The use of 3D physical models to understand the interaction of elements involving the bicycle has been proved to be of great use during the design process of a bicycle, a trail or the training of a rider, as well as in choosing the place and the equipment that best fits the necessities and desires of one rider. Despite some work has been presented in the past, lots of empty blanks are to be filled

The origin of this present initiative was to understand and clear out all the marketing claims made by bicycle suspension manufacturers. In a situation that can be many times compared to a rough sea of acronyms and “new” suspension systems always claiming to be superior to all previous ones, and optimal this and that, it was decided that it was about time for some serious approach to understanding the functioning of a full suspension bicycle in its particular working regimens. Initially, suspension functioning has been described on the vertical plane, in order to understand what actually changes from one suspension scheme to another, and to our pride and desperation, not much really changes, at least when it is analyzed purely as a absorbing device, and that can be seen when the leverage ratio of different systems are plotted to be compared. And in addition to that, spring-damper units have also reached a point where they can be finely tuned to particular needs and appications, to an extent that no matter what your frame kinematics is doing, final wheel behaviour can still be tuned to your preference on what concerns the job of the damper itself. That is very good, after all everybody likes choice, but the analysis cannot be restricted to that. Apart from absorbing terrain irregularities, a suspension system must still be stiff and its interaction with other systems on the vehicle cannot generate problems that were not present before the introduction of suspension to bicycles. Here in short words, braking and propulsion. So, in clear words, no suspension system can totally eliminate the influence of either braking or pedaling optimally. Yes, you can neutralize pedal-suspension interaction effects to a certain gear ratio, to one specific pedaling profile, or one particular braking configuration, in a way that most claims for optimal functioning we find in mountain bike marketing have no technical background.
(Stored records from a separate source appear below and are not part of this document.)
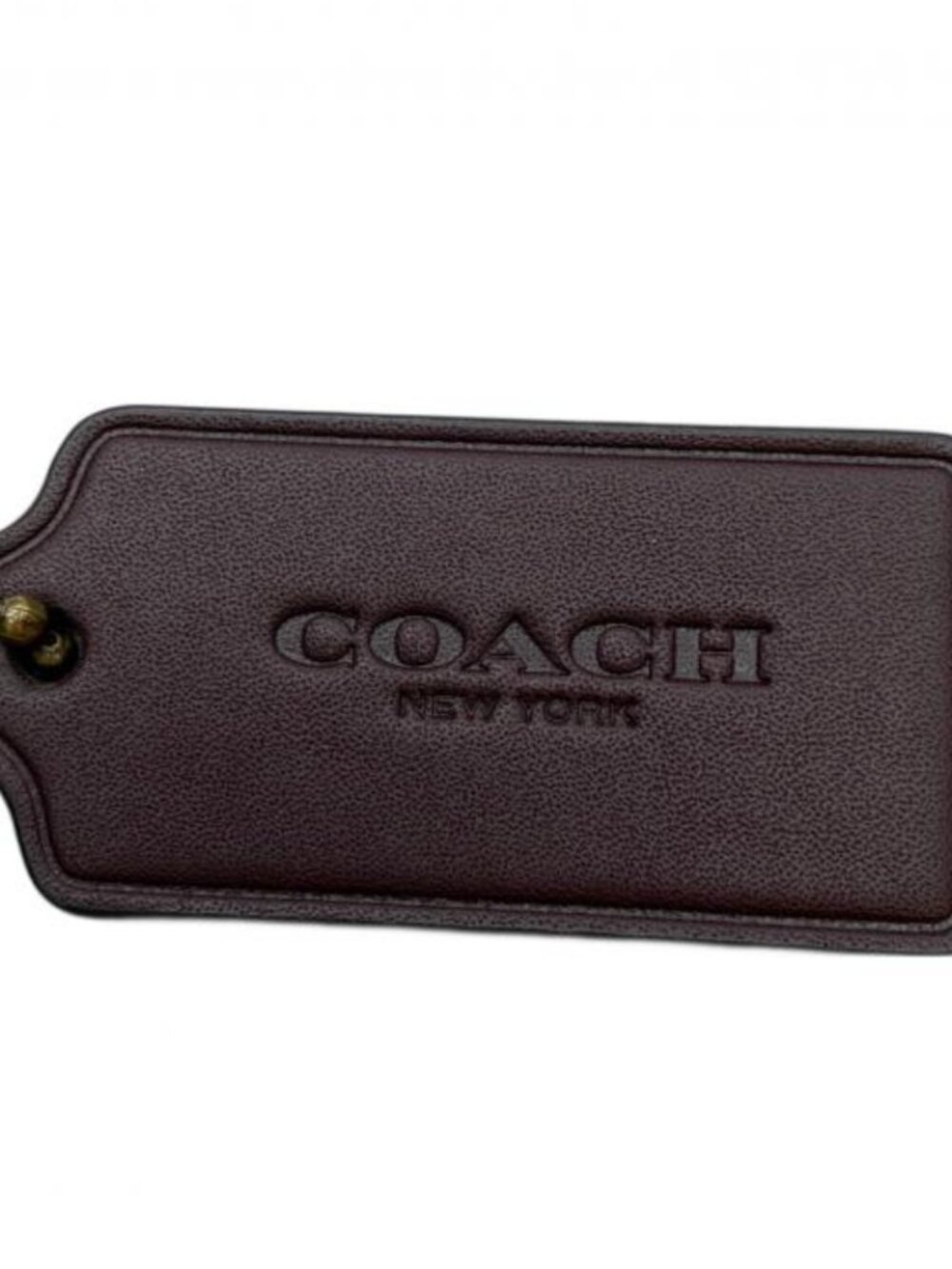 Vintage Coach 2.25" Brown Leather and Brass Large Hang Tag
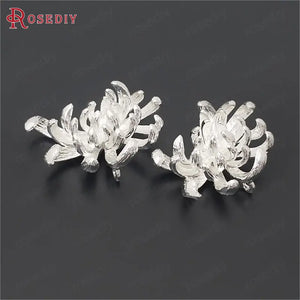 6PCS High Champagne/Silver Brass Flower Charms Pendants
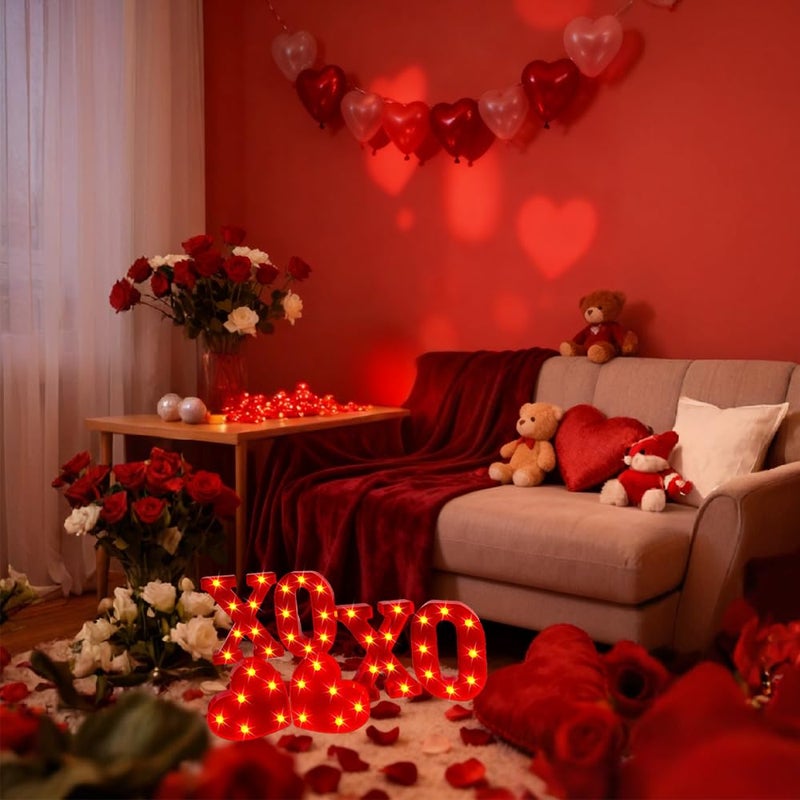 Seilvda Valentines Day XOXO Letters Decoration - 6Pcs Red Marquee Letter Lights with Heart Sign, LED Light up XOXO Letters for Valentines Day Window Table Home Bedroom Fireplace Indoor Decor, Battery Powered, 8.6'' - Image 5
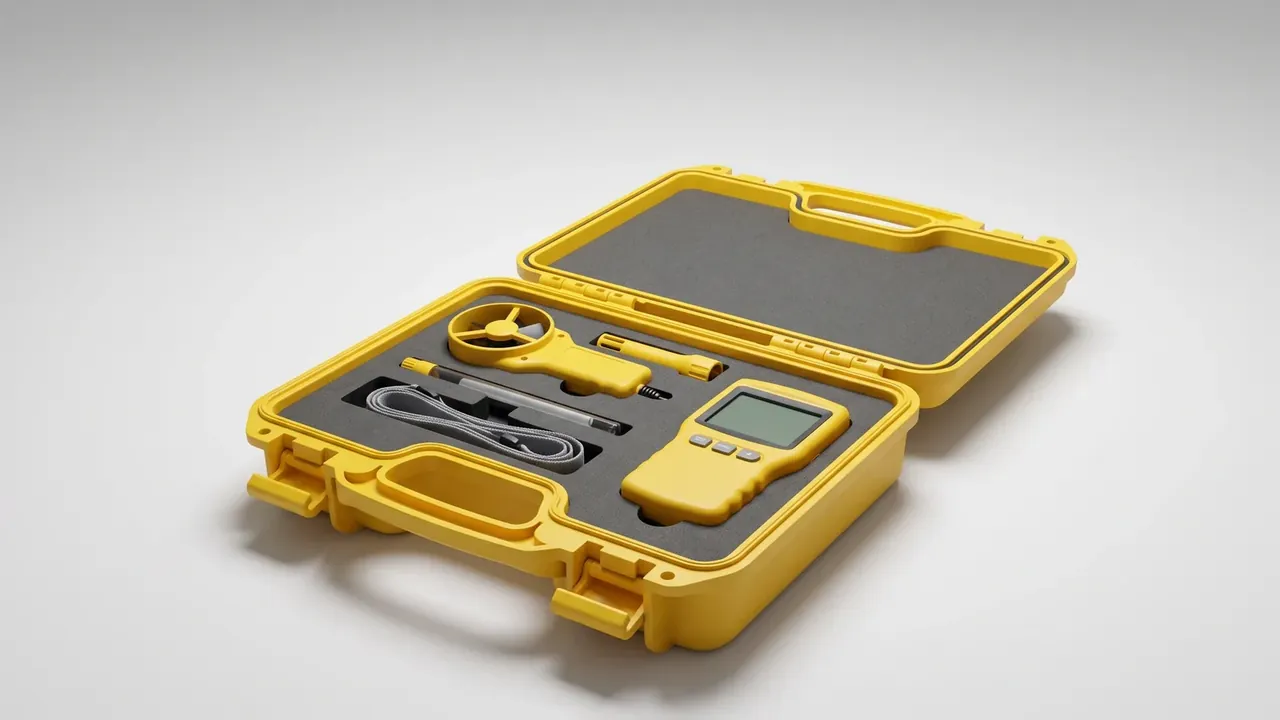 Custom internal partition plastic box: yellow case open, grey foam cut with recesses for an anemometer, probe, cable and meter, two yellow latches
Brake and suspension together, to any kinematic scheme, will result in an additional positive or negative torque acting along the movement of the rear wheel, and not only, once front wheel, despite the simplicity of sliding forks, will also be affected by braking, resulting in different reduced stiffness. A model describing and quantifying this interaction is presented and a few particular cases are presented.

On what concerns pedaling, more factors are present, such as an individual´s pedaling profile that can be so particular as one´s fingerprints. Or still the gear ratio being used. So, in order to keep things clear, on what concerns the frame itself, influence on pedaling performance due to suspension travel is evaluated as variation on the distance between the bottom-bracket and the rear axle along suspension travel.

We have at this point, enough criteria to compare different designs to a level that can satisfactorily allow us to evaluate a bicycle in some of the many situations found in real-life riding.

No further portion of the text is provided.